La mostra Opera ad Arte, Arte all’Opera ripercorre, grazie a una potente e suggestiva presentazione multimediale, il segno che grandi maestri del Novecento hanno impresso fino ai nostri giorni in celebri rappresentazioni del San Carlo. Scenografie, costumi, regie, allestimenti realizzati da creativi del calibro di Arté, Prampolini, Picasso, Manzù, Paladino, Rauschenberg, Kentridge, Kiefer sono riproposti al pubblico negli spazi di Palazzo Reale con bozzetti originali, foto e contributi video animati in una galleria virtuale che immerge i visitatori in un’esperienza multisensoriale in grado di avvicinarli alla magia della lirica. Il tutto affiancato da un archivio di oltre 15000 documenti consultabile da quattro postazioni Ipad e da un grande touch screen tramite cui accedere alla storia del più antico teatro operistico d’Europa.

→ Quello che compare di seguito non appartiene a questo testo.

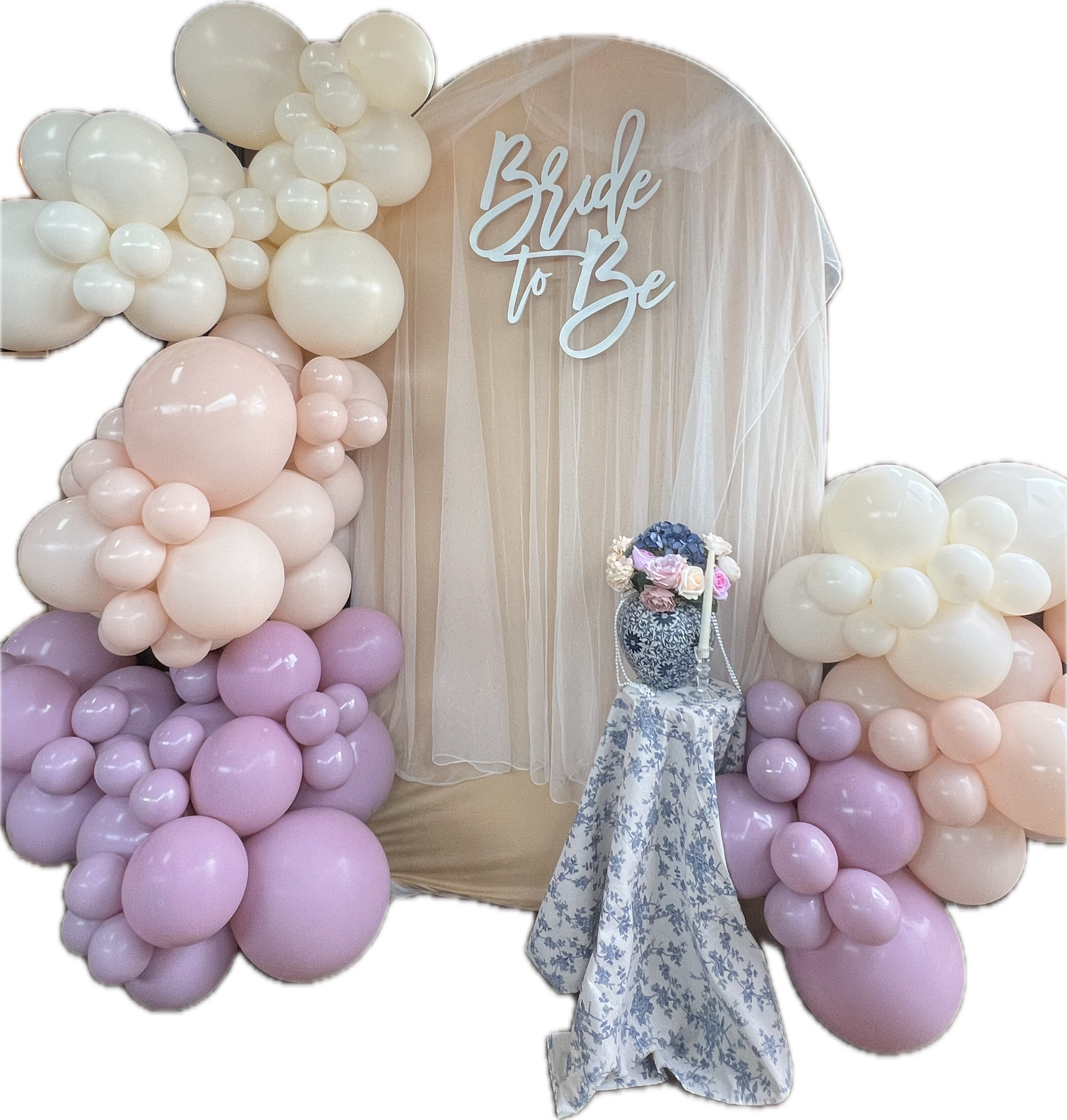 Decorative balloon arrangement with a sign reading "Bride to Be" and floral bouquet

Fondato nel 1737, il San Carlo non aveva finora organizzato il proprio immenso patrimonio storico, funestato perciò da sottrazioni e smarrimenti dovuti all’incuria e alle avversità. Molto andò perso tra il 1944 e il 1945, quando il teatro divenne sede del comando inglese che ne sgombrò sbrigativamente i depositi per provvedere alle proprie esigenze logistiche, e molto è stato portato via nel corso dei decenni. Da oggi ciò non sarà più possibile e la città godrà di uno spazio permanente in cui potersi avvicinare ogni giorno a una delle sue più grandi istituzioni culturali.

MeMus sarà la parte del teatro sempre aperta a cittadini, curiosi e appassionati, pensata soprattutto per attirare i più giovani con incontri, dibattiti e performance di artisti. Un luogo riconquistato al degrado in cui ripensare Napoli alla luce della sua illustre tradizione culturale, consapevole del proprio passato e al contempo aperta alle contaminazioni e capace di assoribire e reinterpretare i segni della creatività contemporanea.